Electron Tomographic Analysis of Somatic Cell Plate Formation in Meristematic Cells of Arabidopsis Preserved by High-Pressure Freezing

Two Different Types of Vesicles in the Vicinity of the Cell Plate.

The black arrows in (A) point to small-dark vesicles, and the white arrows point to large-light vesicles. Examples of small, dense vesicles ([B] and [C]) and large-light vesicles ([D] and [E]). Arrows in (C) and (E) point to L-shaped complexes (see also Figures 4A to 4H). cp, cell plate. Bar in (A) = 200 nm; bar in (E) = 50 nm for (B) to (E).

Vesicle Diameter Distribution during Cytokinetic Stages.

Histograms of the size distribution of cell plate–forming vesicles during different stages of cell plate formation. The individual bars indicate the number of vesicles per 5-nm diameter interval. Closed bars, small-dark vesicles; shaded bars, large-light vesicles.

Tomographic Analysis of Putative Vesicle Tethering Complexes and Their Distribution in Relation to a CPAM and a Cell Plate.

(A) to (D) Vesicle-associated L-shaped complex (beige arrows) as seen in a series of tomographic slices taken every five slices.

(E) to (H) Slicer-tilted image showing a face-on view of the complex, which is depicted in modeled form in (F) to (H) with no tilt (F), 45° tilt (G), and 90° tilt (H).

(I) to (L) Tomographic slice images of two vesicles connected by a Y-shaped tethering complex (purple arrows). The upper vesicle also carries an L-shaped complex (yellow arrow).

(M) to (P) Slicer-tilted image showing a face-on view of the Y-shaped tether, which is depicted in modeled form in (N) to (P) with no tilt (N), 45° tilt (O), and 90° tilt (P).

(Q) to (S) Face-on views of Y-shaped tethering complexes as seen in tomographic slices.

(T) to (V) Images of glutaraldehyde-fixed purified Sec6/8 tethering complexes from mammalian brain (courtesy of J. Heuser, with permission).

(W) Distribution of L- and Y-shaped complexes around a CPAM containing a TVN stage cell plate (cp). Note that whereas the vesicles with L-shaped complexes (circles) are seen both outside and inside the CPAM, Y-shaped tethers (squares) are found only within the CPAM.

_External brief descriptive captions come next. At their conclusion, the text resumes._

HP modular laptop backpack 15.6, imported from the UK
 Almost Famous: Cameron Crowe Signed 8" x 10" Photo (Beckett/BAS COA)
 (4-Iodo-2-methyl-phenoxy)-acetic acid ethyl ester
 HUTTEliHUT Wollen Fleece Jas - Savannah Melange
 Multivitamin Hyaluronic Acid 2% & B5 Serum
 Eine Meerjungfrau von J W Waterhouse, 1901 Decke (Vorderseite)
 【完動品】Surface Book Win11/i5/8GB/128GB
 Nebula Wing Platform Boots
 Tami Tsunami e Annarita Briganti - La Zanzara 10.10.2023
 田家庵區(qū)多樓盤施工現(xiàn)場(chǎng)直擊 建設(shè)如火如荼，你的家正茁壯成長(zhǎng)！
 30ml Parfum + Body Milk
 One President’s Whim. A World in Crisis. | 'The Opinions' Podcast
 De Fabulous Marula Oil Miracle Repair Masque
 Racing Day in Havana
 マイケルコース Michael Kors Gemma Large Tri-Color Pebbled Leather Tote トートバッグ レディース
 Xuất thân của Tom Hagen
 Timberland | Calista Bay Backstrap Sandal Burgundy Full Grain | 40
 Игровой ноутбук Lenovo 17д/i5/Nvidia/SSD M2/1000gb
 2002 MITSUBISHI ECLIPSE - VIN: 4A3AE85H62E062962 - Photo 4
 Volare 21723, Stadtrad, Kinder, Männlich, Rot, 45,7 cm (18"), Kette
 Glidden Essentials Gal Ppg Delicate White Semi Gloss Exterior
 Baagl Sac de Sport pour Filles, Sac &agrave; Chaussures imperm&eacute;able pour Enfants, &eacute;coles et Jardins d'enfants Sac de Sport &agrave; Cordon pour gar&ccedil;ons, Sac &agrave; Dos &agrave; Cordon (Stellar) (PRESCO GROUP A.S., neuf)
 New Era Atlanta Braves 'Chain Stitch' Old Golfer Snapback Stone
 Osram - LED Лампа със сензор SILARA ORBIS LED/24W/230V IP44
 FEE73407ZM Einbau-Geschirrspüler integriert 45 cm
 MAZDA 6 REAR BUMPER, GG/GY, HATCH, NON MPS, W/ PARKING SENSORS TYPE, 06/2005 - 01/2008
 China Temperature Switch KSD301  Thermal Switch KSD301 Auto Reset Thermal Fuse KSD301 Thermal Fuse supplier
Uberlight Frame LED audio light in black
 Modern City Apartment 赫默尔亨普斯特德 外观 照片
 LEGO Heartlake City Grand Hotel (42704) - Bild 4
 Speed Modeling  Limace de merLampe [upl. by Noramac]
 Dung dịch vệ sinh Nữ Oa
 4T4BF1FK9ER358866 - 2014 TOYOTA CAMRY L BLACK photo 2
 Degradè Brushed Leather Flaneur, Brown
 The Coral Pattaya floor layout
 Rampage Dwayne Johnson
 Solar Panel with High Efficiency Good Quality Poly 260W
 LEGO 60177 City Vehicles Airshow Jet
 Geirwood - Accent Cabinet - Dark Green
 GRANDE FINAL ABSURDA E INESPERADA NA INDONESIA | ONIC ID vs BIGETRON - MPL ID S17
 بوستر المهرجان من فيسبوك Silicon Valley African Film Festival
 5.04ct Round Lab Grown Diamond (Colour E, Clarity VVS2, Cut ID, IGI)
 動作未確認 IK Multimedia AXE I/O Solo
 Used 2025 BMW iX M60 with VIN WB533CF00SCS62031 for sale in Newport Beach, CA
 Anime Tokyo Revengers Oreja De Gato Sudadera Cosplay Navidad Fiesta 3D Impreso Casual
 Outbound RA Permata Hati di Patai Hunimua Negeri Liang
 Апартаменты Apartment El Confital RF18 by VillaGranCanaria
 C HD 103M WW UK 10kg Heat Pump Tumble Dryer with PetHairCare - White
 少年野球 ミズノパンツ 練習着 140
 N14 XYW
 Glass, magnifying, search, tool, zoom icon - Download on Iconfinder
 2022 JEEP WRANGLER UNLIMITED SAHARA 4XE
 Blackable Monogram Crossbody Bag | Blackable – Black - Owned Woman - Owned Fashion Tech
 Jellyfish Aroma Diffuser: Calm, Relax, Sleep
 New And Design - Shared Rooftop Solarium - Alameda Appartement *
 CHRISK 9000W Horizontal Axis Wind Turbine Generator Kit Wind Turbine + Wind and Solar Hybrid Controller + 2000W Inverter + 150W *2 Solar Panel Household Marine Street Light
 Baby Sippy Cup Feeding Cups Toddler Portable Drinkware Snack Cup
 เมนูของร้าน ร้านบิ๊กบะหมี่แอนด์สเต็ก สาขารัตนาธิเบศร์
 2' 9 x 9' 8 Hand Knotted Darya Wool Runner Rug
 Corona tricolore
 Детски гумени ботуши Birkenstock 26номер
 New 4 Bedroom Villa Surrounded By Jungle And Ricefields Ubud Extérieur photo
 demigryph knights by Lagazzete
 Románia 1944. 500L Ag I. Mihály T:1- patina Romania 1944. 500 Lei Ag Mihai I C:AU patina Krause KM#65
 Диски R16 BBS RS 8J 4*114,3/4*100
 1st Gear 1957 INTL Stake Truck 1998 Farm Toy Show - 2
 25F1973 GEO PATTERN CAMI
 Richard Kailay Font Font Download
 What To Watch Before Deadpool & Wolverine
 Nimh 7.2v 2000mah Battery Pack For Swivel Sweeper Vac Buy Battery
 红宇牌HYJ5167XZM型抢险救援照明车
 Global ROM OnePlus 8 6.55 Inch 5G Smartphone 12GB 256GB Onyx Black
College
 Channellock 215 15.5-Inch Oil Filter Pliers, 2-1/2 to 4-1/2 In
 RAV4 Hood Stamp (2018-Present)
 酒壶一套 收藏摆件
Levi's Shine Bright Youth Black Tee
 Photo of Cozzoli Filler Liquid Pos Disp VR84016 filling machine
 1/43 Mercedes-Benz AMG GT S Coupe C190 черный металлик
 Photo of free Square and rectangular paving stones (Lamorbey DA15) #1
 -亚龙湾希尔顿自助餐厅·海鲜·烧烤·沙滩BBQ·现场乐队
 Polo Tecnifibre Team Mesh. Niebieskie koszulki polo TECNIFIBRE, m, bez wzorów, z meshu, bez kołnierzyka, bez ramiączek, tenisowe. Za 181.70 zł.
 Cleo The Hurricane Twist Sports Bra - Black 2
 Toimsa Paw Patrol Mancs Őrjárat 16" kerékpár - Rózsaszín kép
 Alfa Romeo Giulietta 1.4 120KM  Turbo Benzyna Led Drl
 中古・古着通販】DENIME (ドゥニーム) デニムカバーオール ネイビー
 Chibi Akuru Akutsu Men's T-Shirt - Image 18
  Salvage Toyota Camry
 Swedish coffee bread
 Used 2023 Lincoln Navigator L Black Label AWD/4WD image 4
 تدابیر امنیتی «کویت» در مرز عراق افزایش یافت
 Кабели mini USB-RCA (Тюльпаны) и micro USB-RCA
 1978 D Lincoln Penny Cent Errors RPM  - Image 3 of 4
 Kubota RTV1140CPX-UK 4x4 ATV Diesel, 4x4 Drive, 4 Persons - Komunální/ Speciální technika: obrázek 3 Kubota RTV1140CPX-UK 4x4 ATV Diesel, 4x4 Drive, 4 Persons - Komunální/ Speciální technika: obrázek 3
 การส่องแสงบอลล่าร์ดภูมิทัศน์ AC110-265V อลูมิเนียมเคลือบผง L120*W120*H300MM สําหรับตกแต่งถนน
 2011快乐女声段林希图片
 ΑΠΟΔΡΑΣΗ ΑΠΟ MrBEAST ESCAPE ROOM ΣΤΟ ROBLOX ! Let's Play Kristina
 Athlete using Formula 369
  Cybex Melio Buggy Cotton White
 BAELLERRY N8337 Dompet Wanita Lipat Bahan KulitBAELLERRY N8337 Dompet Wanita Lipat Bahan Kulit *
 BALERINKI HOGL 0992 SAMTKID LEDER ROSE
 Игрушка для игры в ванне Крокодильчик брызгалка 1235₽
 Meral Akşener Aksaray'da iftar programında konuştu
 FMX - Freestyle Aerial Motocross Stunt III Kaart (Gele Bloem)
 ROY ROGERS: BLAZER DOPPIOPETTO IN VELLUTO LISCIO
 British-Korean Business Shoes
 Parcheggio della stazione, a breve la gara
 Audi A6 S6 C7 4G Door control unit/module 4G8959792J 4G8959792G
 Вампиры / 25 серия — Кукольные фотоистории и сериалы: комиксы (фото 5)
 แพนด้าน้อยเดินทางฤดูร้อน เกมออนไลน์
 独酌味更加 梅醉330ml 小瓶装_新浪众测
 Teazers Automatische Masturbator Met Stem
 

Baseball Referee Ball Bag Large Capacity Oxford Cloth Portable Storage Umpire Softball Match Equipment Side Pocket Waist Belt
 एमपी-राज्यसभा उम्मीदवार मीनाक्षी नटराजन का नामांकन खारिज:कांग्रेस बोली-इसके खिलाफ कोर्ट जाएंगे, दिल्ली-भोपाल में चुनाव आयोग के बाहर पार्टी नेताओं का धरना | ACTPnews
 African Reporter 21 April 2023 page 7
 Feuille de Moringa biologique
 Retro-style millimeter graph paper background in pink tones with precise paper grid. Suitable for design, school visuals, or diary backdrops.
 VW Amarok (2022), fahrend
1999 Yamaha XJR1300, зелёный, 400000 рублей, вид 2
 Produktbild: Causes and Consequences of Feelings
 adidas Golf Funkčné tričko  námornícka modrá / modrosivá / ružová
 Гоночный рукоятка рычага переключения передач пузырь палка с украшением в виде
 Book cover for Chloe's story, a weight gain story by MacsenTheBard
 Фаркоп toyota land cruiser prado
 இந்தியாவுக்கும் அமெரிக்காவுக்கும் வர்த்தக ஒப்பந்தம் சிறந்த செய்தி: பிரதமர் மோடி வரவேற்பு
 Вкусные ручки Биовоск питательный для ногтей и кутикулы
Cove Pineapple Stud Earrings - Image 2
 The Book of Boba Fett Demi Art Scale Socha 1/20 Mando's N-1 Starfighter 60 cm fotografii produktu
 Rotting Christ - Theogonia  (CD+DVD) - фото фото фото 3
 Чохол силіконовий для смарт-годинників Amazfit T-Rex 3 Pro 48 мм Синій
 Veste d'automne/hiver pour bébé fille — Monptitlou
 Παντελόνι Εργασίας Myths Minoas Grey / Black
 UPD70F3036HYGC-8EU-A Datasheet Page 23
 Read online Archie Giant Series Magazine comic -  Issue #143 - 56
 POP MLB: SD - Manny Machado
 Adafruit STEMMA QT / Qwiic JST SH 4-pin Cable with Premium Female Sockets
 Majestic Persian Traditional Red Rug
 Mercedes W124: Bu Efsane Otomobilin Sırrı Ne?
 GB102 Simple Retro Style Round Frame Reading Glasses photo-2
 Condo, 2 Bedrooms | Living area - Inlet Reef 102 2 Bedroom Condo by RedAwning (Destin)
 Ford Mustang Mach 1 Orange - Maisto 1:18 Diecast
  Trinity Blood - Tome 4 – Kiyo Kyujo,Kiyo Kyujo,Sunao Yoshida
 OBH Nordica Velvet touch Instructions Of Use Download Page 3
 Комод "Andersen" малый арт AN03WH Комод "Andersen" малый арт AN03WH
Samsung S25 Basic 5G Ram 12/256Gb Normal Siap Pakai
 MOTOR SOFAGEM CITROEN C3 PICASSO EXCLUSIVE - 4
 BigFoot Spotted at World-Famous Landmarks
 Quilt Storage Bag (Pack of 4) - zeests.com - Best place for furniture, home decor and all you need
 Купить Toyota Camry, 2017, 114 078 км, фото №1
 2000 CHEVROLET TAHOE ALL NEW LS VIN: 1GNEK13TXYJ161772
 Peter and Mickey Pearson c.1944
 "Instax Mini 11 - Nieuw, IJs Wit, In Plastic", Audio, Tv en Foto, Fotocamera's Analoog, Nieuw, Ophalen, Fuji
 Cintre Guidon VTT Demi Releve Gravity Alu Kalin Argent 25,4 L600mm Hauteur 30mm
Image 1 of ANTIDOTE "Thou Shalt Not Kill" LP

Bar in (F) = 50 nm for (A) to (P); bar in (Q) = 25 nm for (Q) to (V); bar in (W) = 500 nm.

Changes in Width of the CPAM Associated with the Different Types of Cell Plates.

The mean distance (±sd) corresponds to the average distance between the cell plate and the closest 200 ribosomes. The dashed line marks the minimum threshold distance measured in stages in which no CPAM could be detected.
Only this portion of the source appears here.